- [TASK INPUT]:

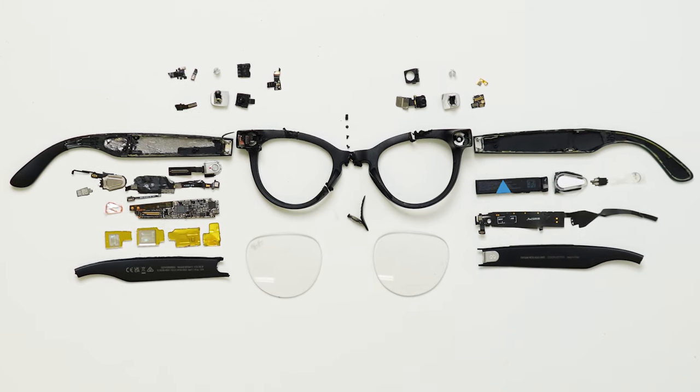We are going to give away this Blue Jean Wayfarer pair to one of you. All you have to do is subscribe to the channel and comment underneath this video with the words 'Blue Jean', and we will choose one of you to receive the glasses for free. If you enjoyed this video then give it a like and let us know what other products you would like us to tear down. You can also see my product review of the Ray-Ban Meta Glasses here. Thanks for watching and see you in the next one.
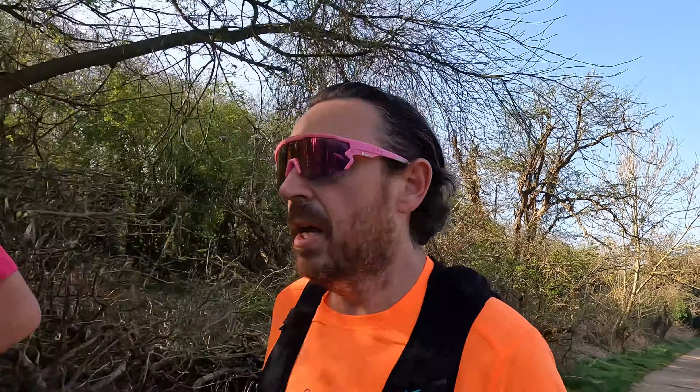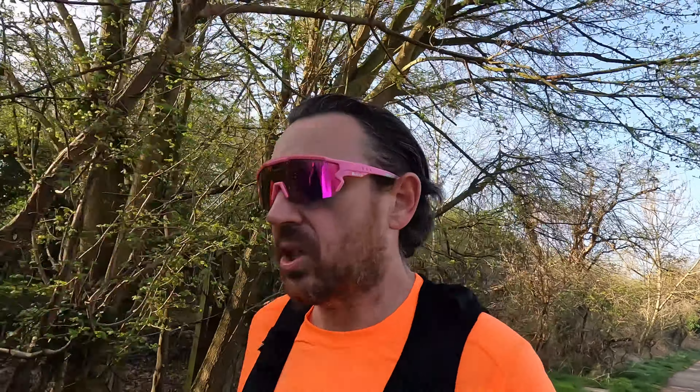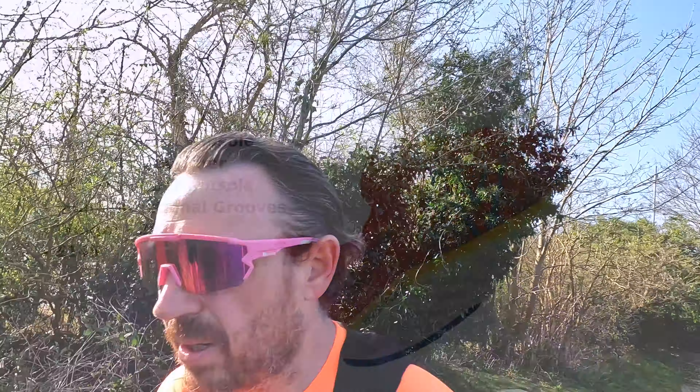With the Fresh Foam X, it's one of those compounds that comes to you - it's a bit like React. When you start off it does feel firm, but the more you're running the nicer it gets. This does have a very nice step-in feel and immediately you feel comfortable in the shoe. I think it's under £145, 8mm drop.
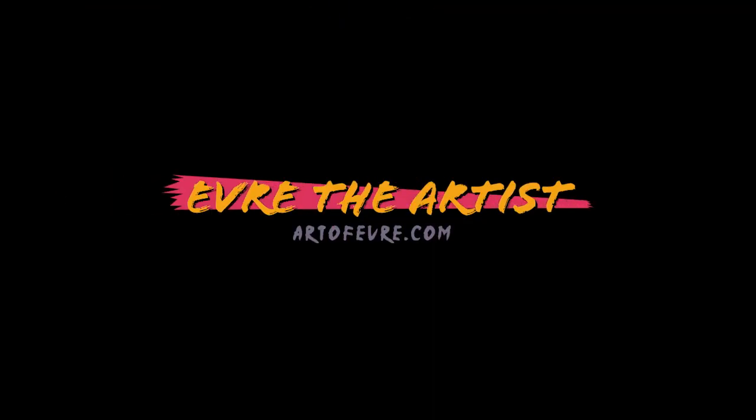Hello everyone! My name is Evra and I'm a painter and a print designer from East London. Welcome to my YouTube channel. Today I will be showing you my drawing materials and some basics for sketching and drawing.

* * *

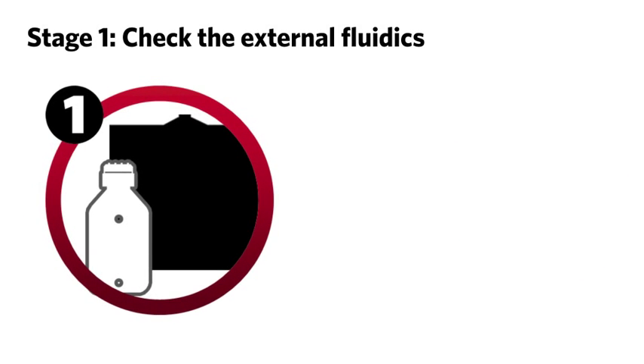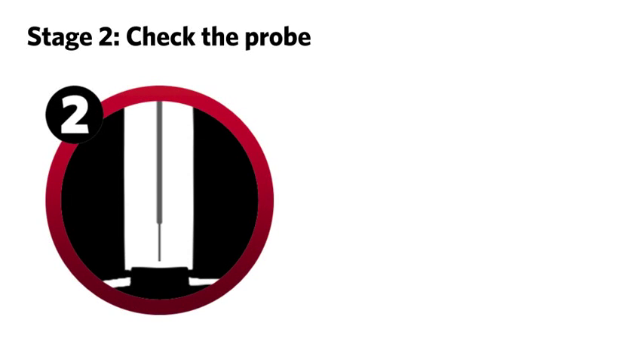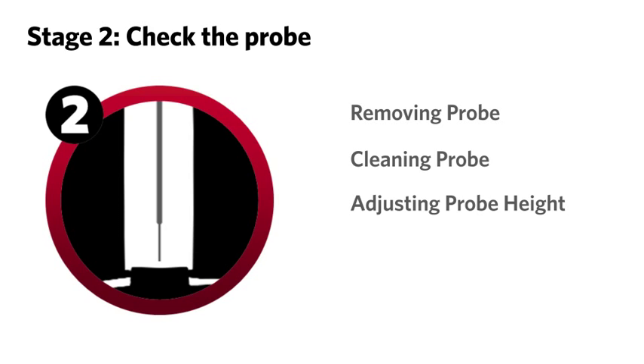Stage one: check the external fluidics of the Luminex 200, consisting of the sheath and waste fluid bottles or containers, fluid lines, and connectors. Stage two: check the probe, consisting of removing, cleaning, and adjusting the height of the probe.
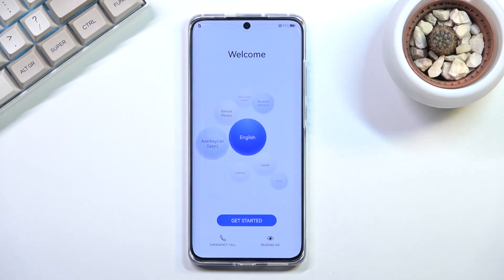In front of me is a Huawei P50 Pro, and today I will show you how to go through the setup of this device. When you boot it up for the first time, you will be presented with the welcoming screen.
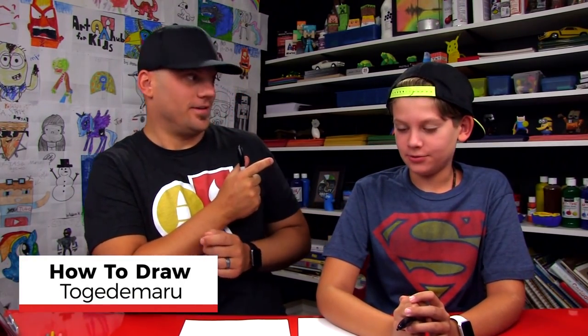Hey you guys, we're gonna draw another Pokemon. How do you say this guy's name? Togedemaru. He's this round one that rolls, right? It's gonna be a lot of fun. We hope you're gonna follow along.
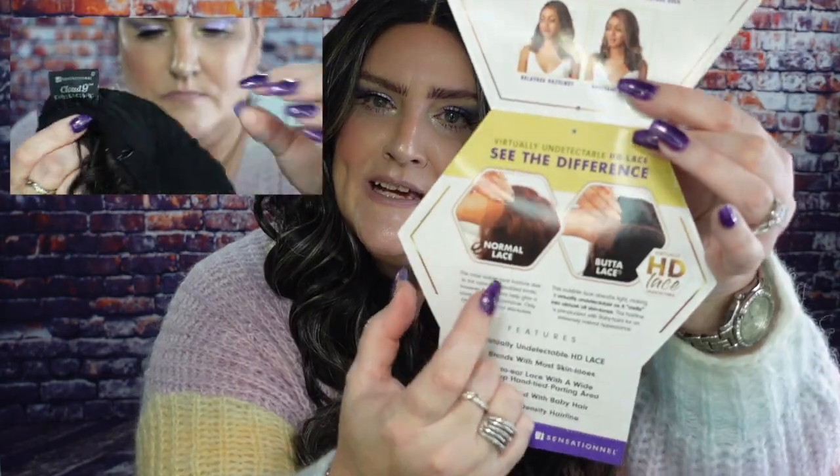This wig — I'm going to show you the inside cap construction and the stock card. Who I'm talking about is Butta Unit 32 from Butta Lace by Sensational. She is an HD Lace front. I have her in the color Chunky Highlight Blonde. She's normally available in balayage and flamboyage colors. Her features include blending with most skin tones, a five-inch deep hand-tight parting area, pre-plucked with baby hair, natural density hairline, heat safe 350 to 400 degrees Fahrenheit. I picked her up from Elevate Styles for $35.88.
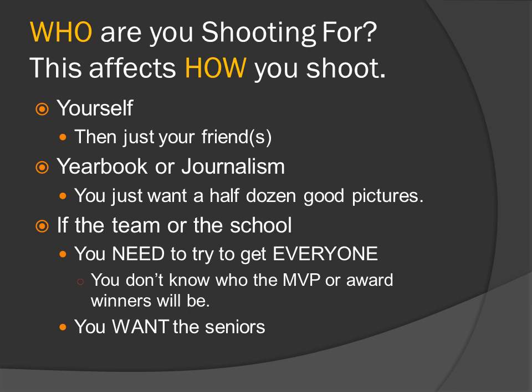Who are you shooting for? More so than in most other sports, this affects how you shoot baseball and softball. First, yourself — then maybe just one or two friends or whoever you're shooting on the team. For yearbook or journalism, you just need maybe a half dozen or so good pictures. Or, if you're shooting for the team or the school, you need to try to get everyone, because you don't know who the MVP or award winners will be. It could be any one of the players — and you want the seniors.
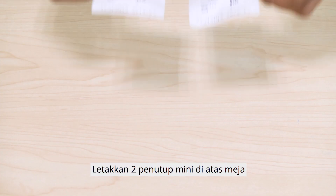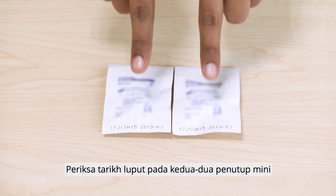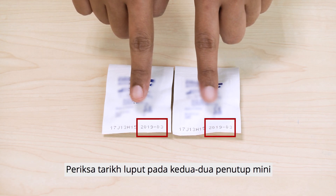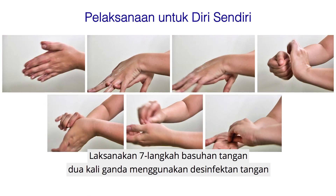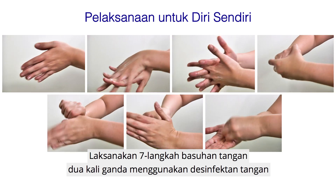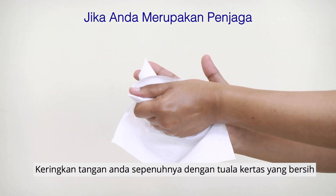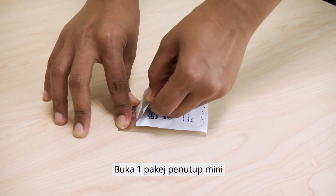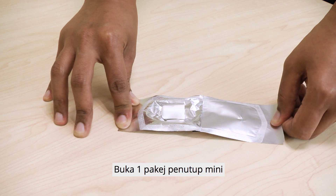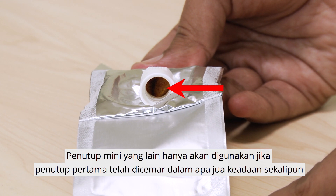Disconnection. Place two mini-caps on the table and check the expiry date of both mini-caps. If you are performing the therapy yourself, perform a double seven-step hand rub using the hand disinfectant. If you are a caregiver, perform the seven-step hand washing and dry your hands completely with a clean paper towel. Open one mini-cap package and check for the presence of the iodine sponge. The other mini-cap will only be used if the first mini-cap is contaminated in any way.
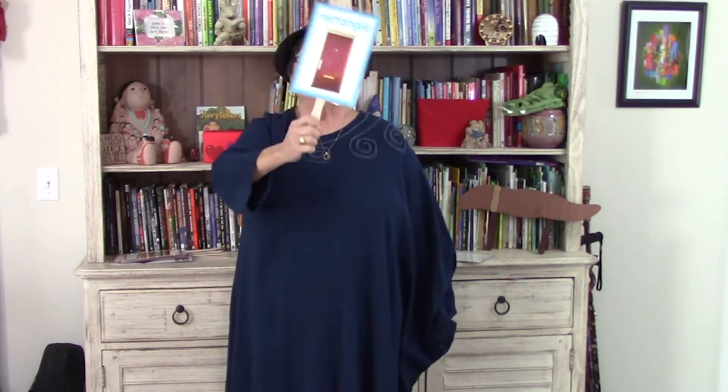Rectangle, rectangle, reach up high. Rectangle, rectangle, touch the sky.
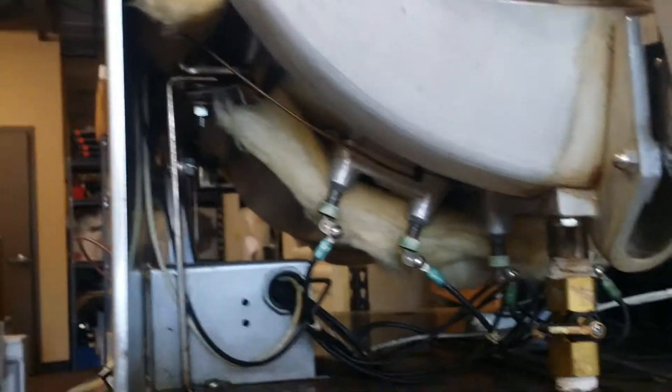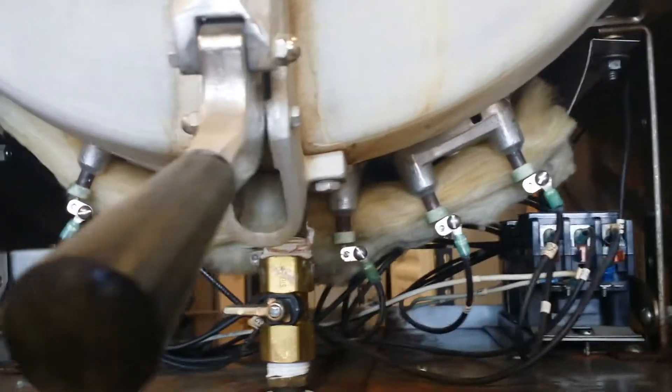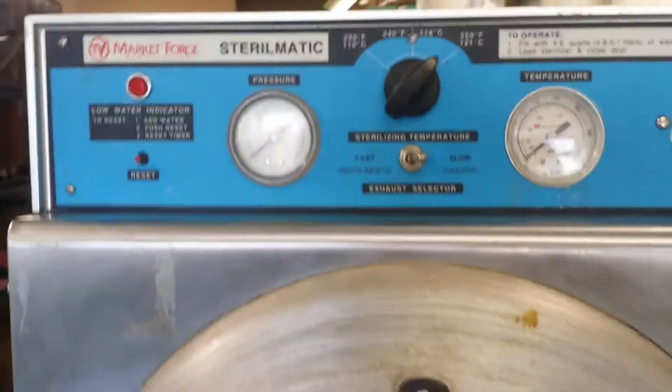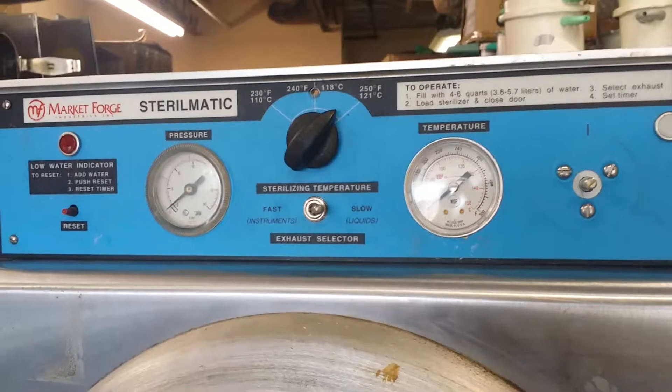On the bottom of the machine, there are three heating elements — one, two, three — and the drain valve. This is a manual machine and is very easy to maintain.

* * *

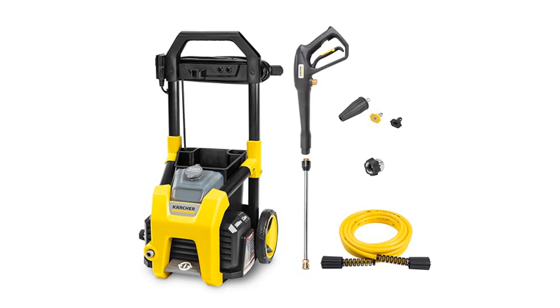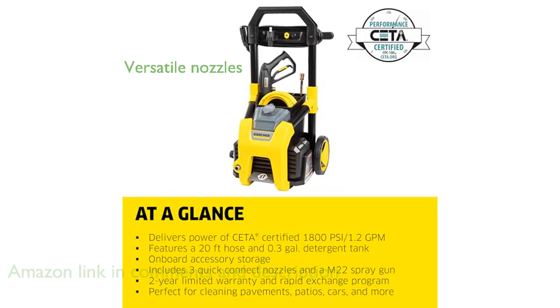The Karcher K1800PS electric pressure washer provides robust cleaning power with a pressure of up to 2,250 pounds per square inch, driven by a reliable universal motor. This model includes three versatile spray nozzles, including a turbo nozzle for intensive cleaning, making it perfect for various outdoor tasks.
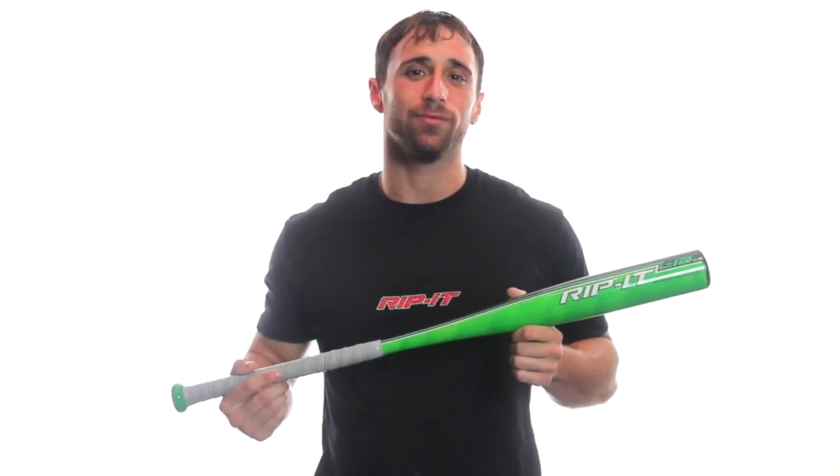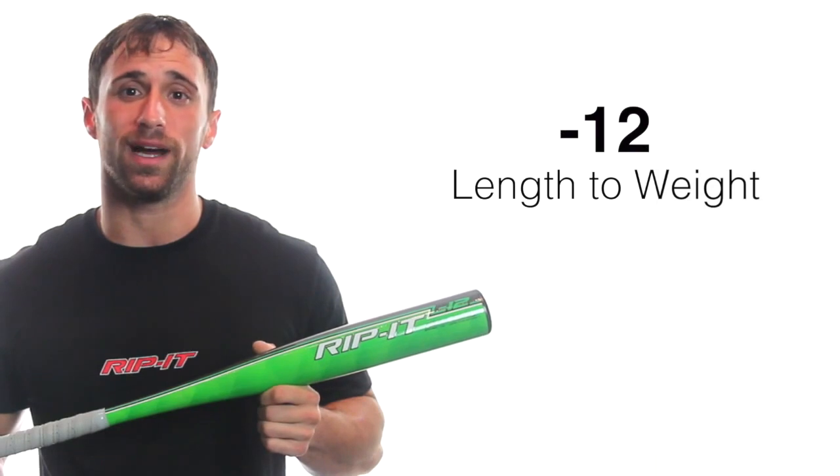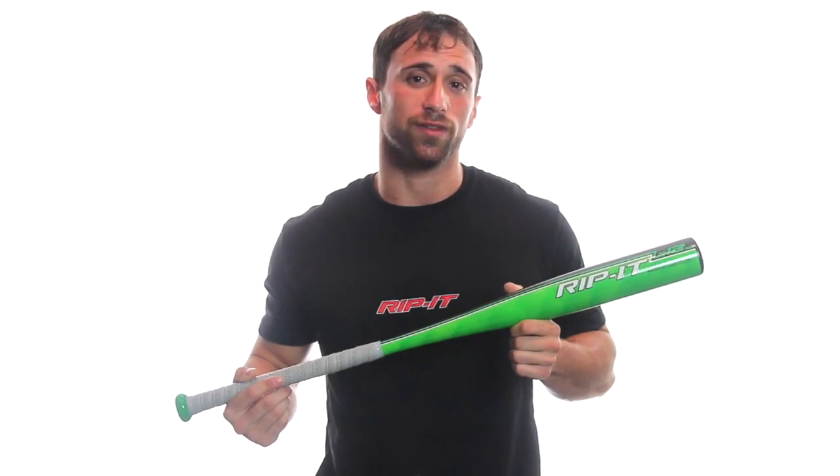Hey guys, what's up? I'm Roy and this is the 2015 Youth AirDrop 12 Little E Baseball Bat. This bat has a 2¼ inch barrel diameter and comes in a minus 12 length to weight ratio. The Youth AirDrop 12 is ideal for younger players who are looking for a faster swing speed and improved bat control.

- [EXERCISE DESCRIPTION]:
In the listing above, find the line containing "We are going" and the line containing "With the Fresh", then return both of them and every line between, exactly, without pictures.

- [RESULT]:
We are going to give away this Blue Jean Wayfarer pair to one of you. All you have to do is subscribe to the channel and comment underneath this video with the words 'Blue Jean', and we will choose one of you to receive the glasses for free. If you enjoyed this video then give it a like and let us know what other products you would like us to tear down. You can also see my product review of the Ray-Ban Meta Glasses here. Thanks for watching and see you in the next one.
With the Fresh Foam X, it's one of those compounds that comes to you - it's a bit like React. When you start off it does feel firm, but the more you're running the nicer it gets. This does have a very nice step-in feel and immediately you feel comfortable in the shoe. I think it's under £145, 8mm drop.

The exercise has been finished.